Bruce alluded to the fact that it’s not straight forward when a trust is the IRA beneficiary in determining who is taxable. Many trust agreements provide that income be distributed. When the RMD is paid to the trust, you’d look to the trust agreement to see whether RMDs are treated as income or principal for that trust. If the trust agreement does not specify, then you look to the state law to determine how much is income.

If the surviving spouse is entitled to income, it could be that only 10% of the RMD is treated as income. The law varies from state to state. When the agreement is silent, you look to the state’s version of the principal and income act. Distributing all of the taxable income could cause a problem if the trust agreement just specifies income and not taxable income.

Any income not distriubted is taxable to the trust at the compressed rates.

Distributions to the beneficiary start in the year after the death and your disclaimer period (9 months) is already running.

Good luck,
Mary Kay



Final Follow Up – Promise!

I think I’ve got it:

1) The entire balance of the QP, ($1,200,000) is not distributed to the Trust, only the RMD for each year is distributed to the Trust, correct?

Thus, the 1,200,000 won’t be exposed to income taxation (on a 1041), only the RMD will be exposed to income taxation each year.

2) The amount of income tax on the RMD distributed to the trust depends on the trust’s definition of income. There is no definition of income for the subject trust, therefore, I use Mich’s UPIA, or the 10% rule. So, only 10% of the RMD can be kicked out to the spouse and 90% of the RMD will be taxed at the trust rate for 2008, correct?

3) Spouse is over 70 1/2 already, (77), assuming we keep the trust as bene, upon Spouse’s death, can the children, as remainder trust benes, roll any remaining proceeds to their own IRA, or are we stuck again now using the oldests child’s life expectancy until all funds are paid?
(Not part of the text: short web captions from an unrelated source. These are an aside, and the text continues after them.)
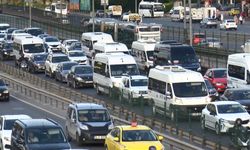 İstanbul'da bayram tatili sonrası ilk iş gününde trafik yoğunluğu - 2 / Aktüel görüntü geniş haber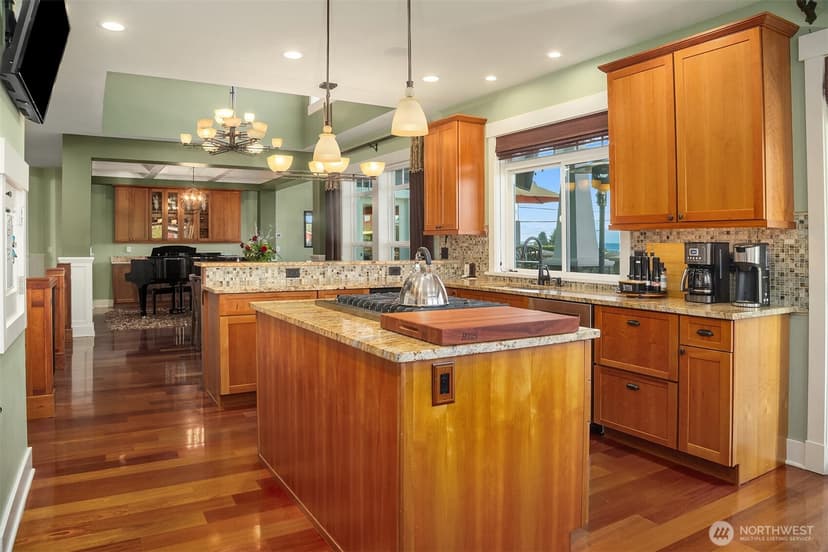Property photo for 17003 Talbot Road, Edmonds photo 11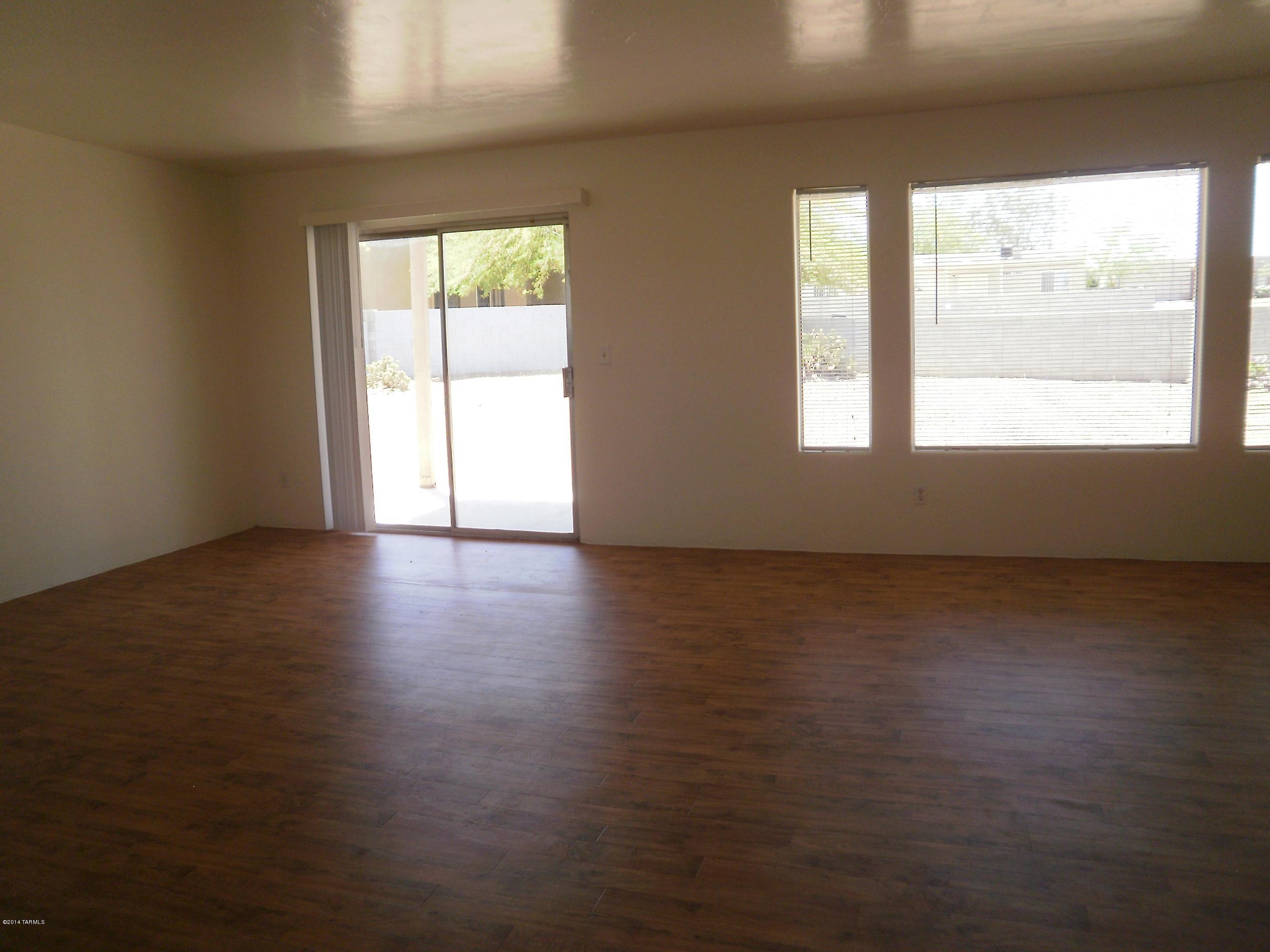 537 West Mossman Road Tucson, AZ 85706 - Photo 2 of 6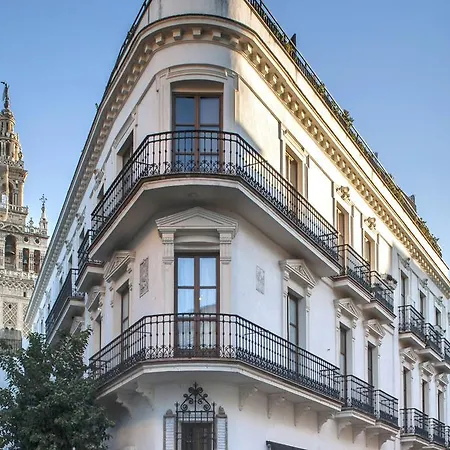 Cathedral Apartment, Upper Floor
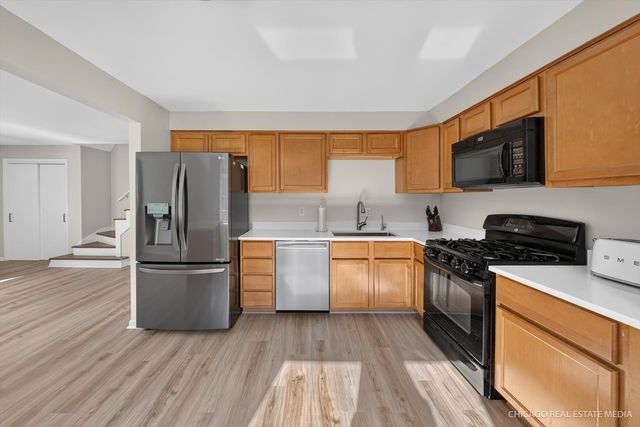 220 Hickory Nut Grove Lane, Cary, IL 60013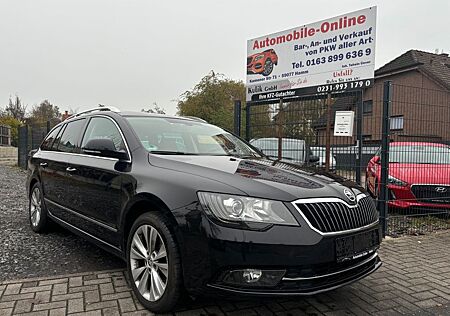 Skoda Superb Combi Elegance 4x4 // 1 Hand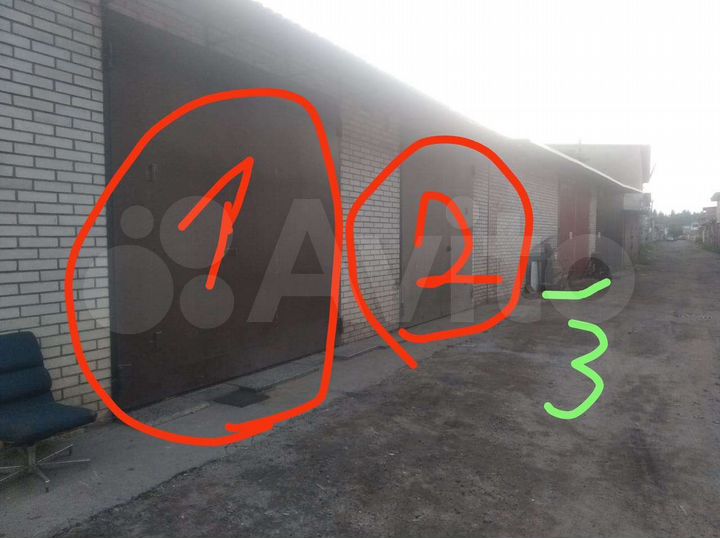 Гараж, > 30 м²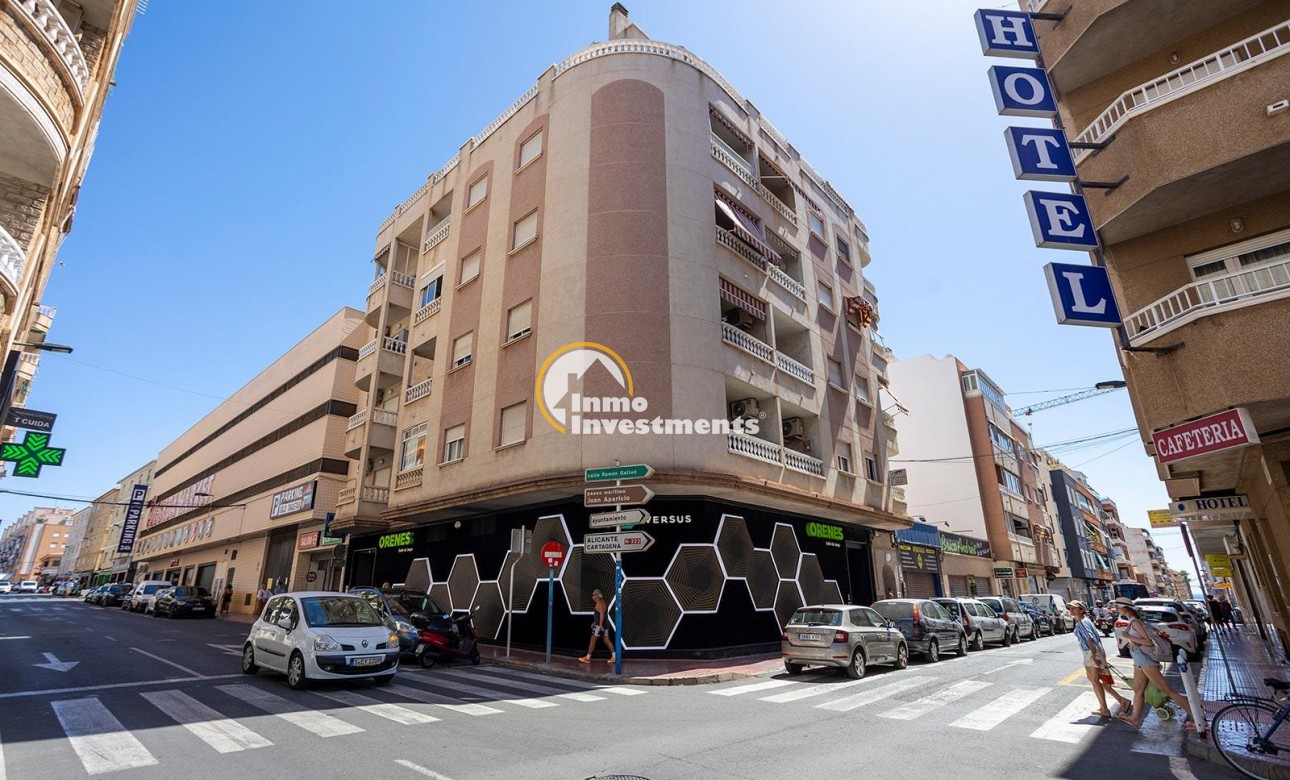 Resale - Apartment - Torrevieja - Estacion de autobuses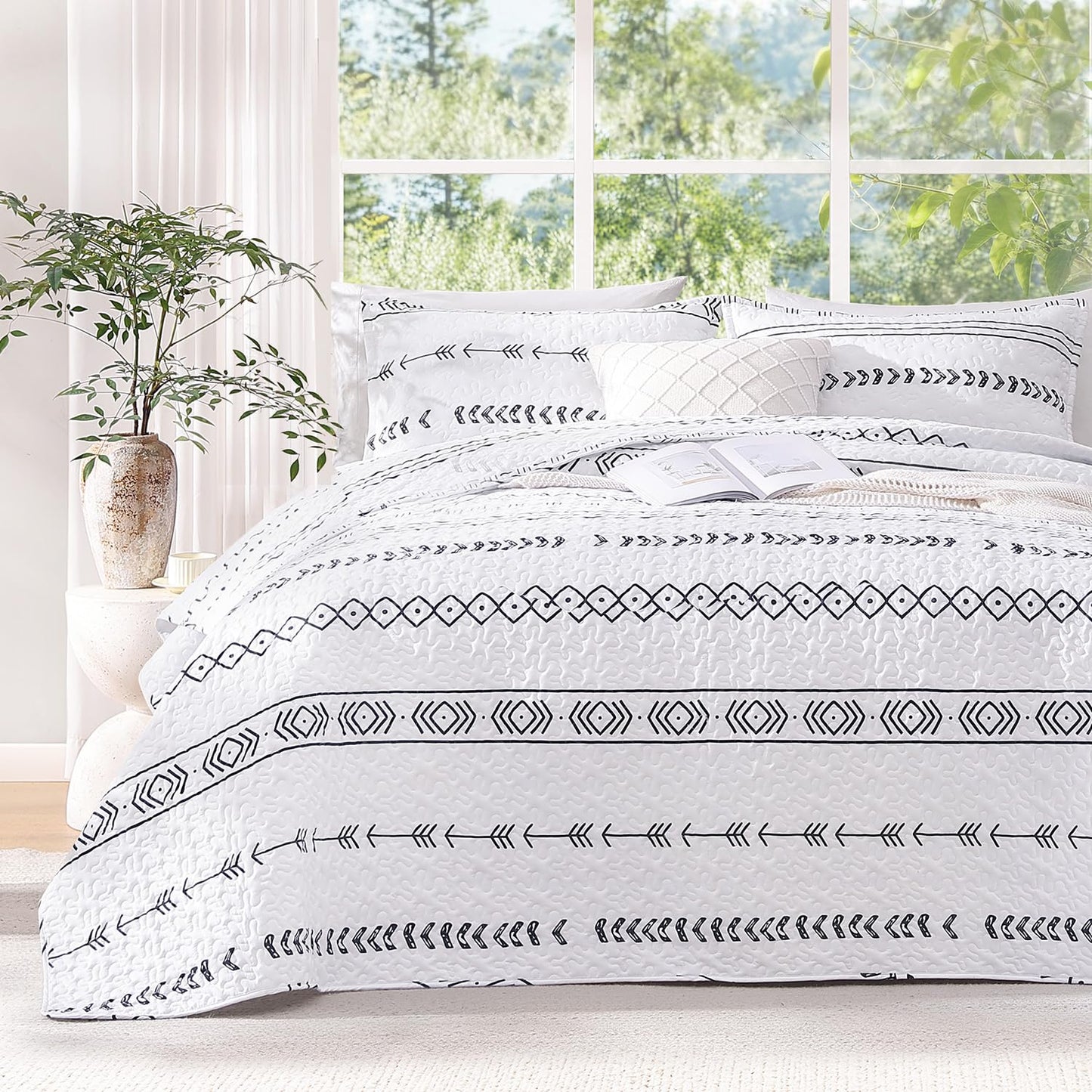 Andency White California King Quilt Set, 3 Pieces Boho Lightweight Soft Striped Cal King Bedspread for All Season (112"x104"), Printed Bohemian Polyester Reversible Coverlet Comforter Sets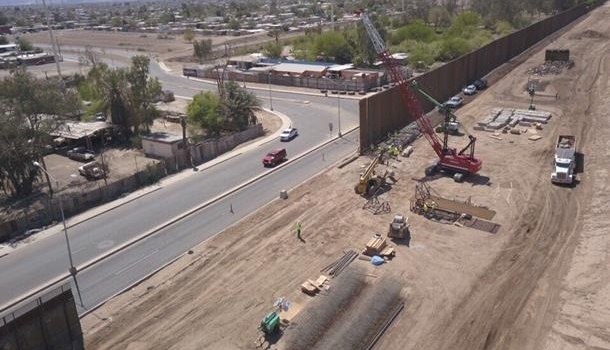 Трамп сообщил, что строительство стены на границе с Мексикой уже началось 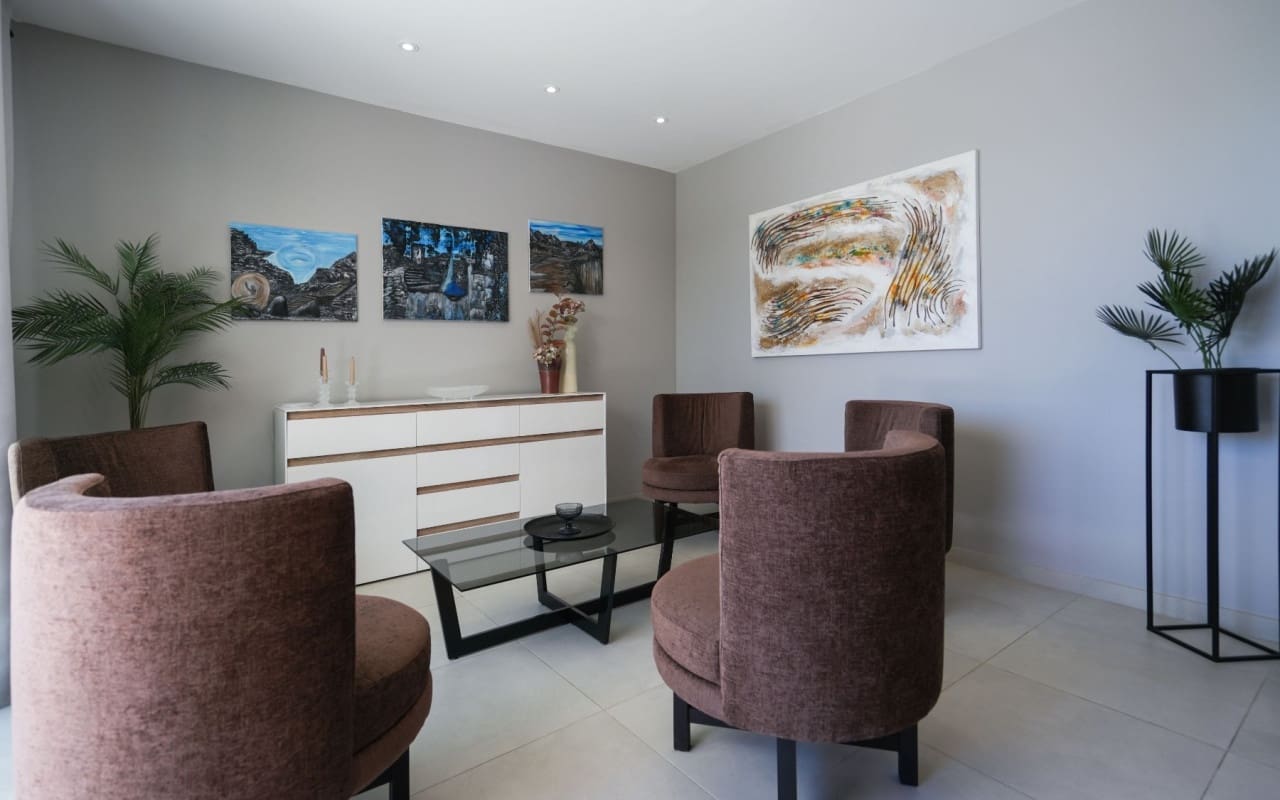 4 soverom Villa til salgs i Benijofar med svømmebasseng garasje - € 640 000 (Ref: 9997580)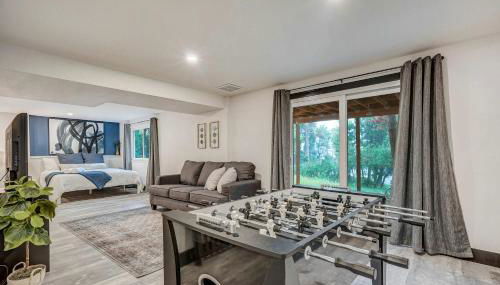 Oak Hills Estate Luxe Forest Escape Near USAFA - Foto 5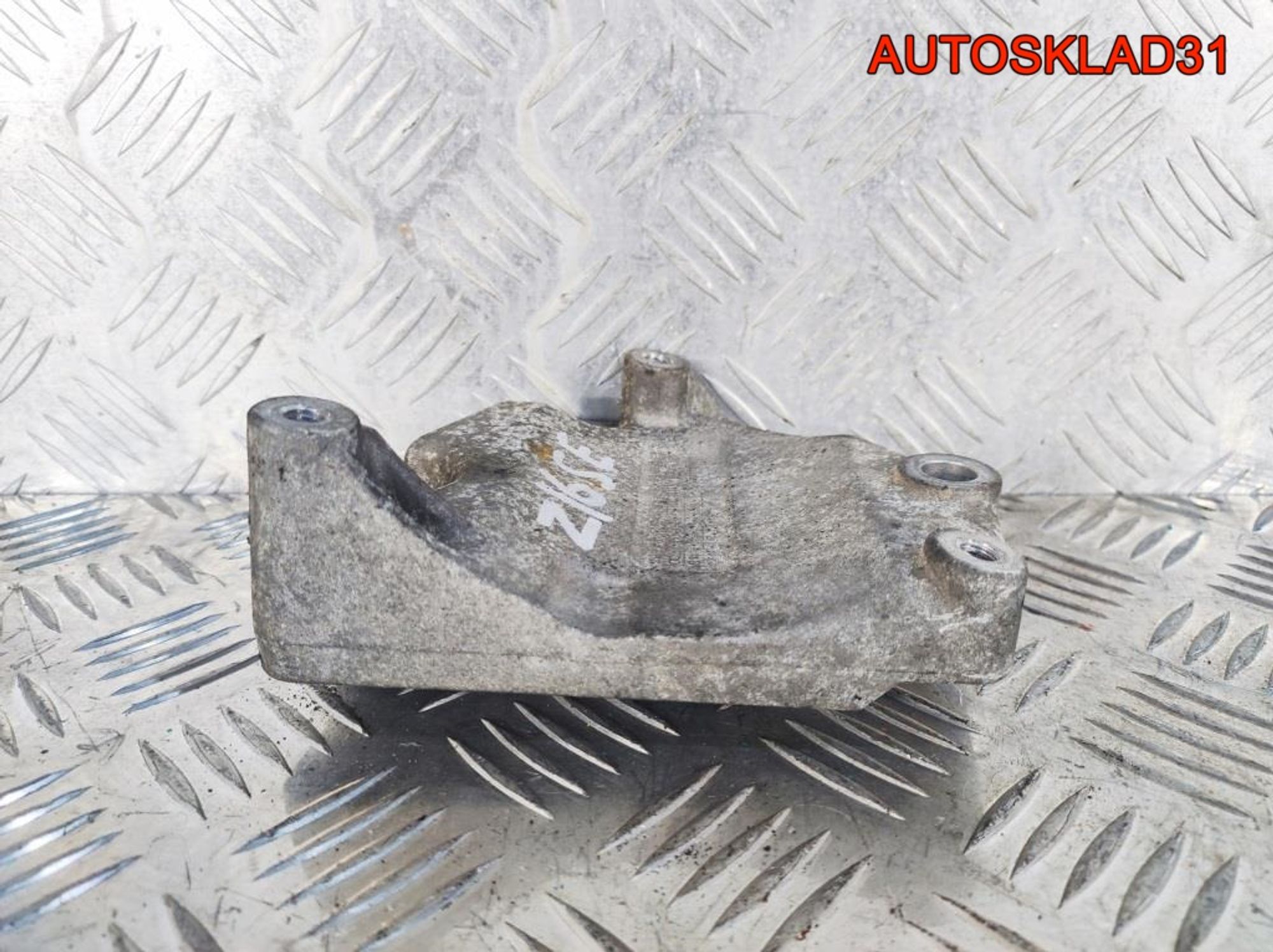 Кронштейн кондиционера Opel Astra G 90529603, 900 рублей, Дубовое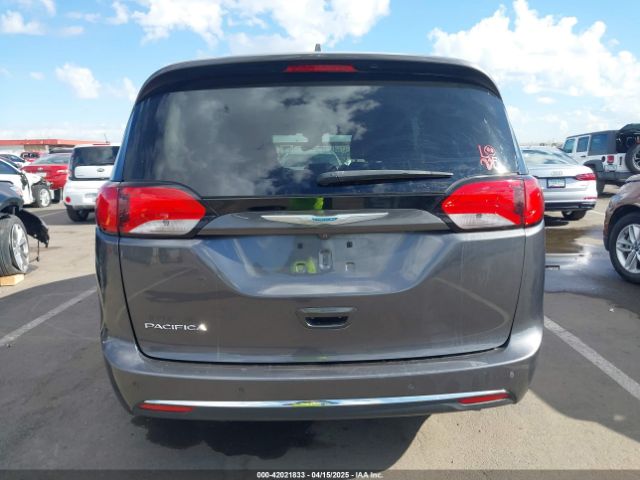 2C4RC1EG9JR104312 Chrysler Pacifica Touring L Plus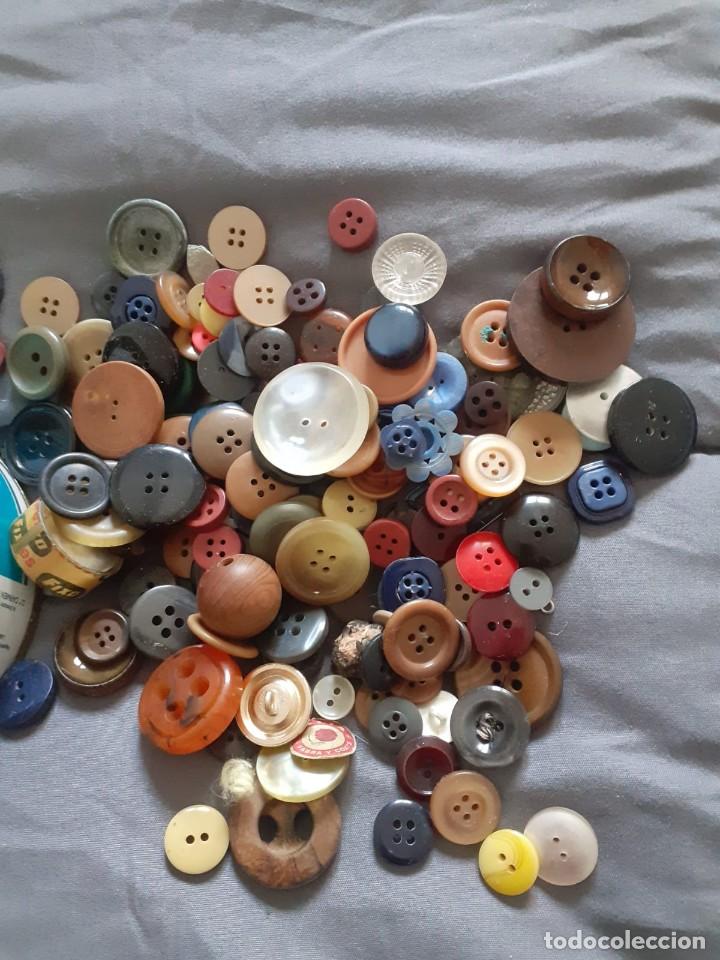 Antig&uuml;edades: Lote de 180 botones antiguos - Foto 2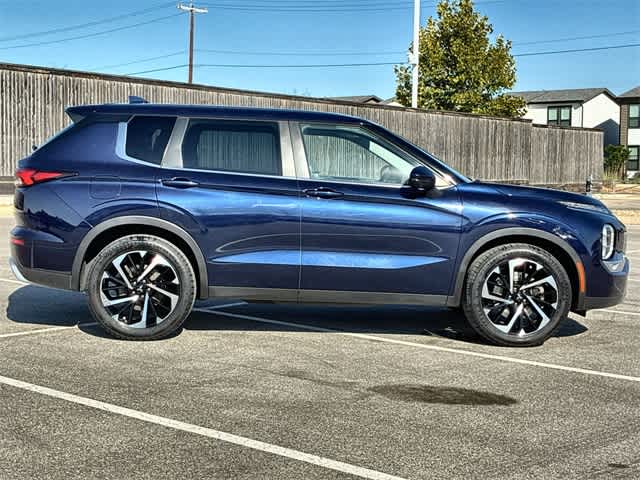 Thumbnail: 2023 Mitsubishi Outlander - 7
4) According to Bruce, a big advantage of using disclaimers would be that the Spouse could roll into her own IRA, name her kids as her beneficiaries, and each of them could wait until they were 70 1/2 to begin taking RMD, name their kids, etc. Thus, allowing a greater stretch out than the trust scenario. This applies even though the spouse is already 70 1/2 and so was the decedent at the time of his death, correct?

5) Finally, if I use the disclaimer method, should I obtain a PLR first,or because daughter is trustee/administrator of plan do you think this might be an unnecessary expense as she would be certain to approve the disclaimer approach?

Again, I appreciate all the help.

Rob Gilbreath



Your are mostly correct.

On the first point, just the RMD is subject to tax each year unless the trustee withdraws more than the RMD.

Point two – the 10% rule would apply so that the spouse pays tax on 10% of the distribution and the trust on the rest.

Point three – this is where the answers diverge. The spouse’s life expectancy is used as the starting point for all RMDs to the trust. You use the factor for her age in the year after the death and reduce it each year. When the spouse passes away, the last factor based on the spouse’s life is used for the first post-death distribution but reduced by one each year. If the trust is supposed to terminate at the spouse’s death, the remaining IRA can be assigned to the beneficiaries but they would not get to use a life expectancy greater than the trust would have if it was ongoing. There’s no rollover for nonspouse beneficiaries.

Point four – as Bruce indicated the disclaimer and rollover would be great. It would allow the spouse to name the children as beneficiaries so they could use their own life expectancies when she passes away. They could not however get an additional stretch out based on their children’s life expectancies.

Point five – I think most plan administrators would be nervous about transferring funds to the spouse without a disclaimer. That’s a legal question however. The daughter might want to check with the legal counsel for the plan before making a determination. A disclaimer is supposed to be filed with the plan administrator within 9 months of the date of death and PLRs take time.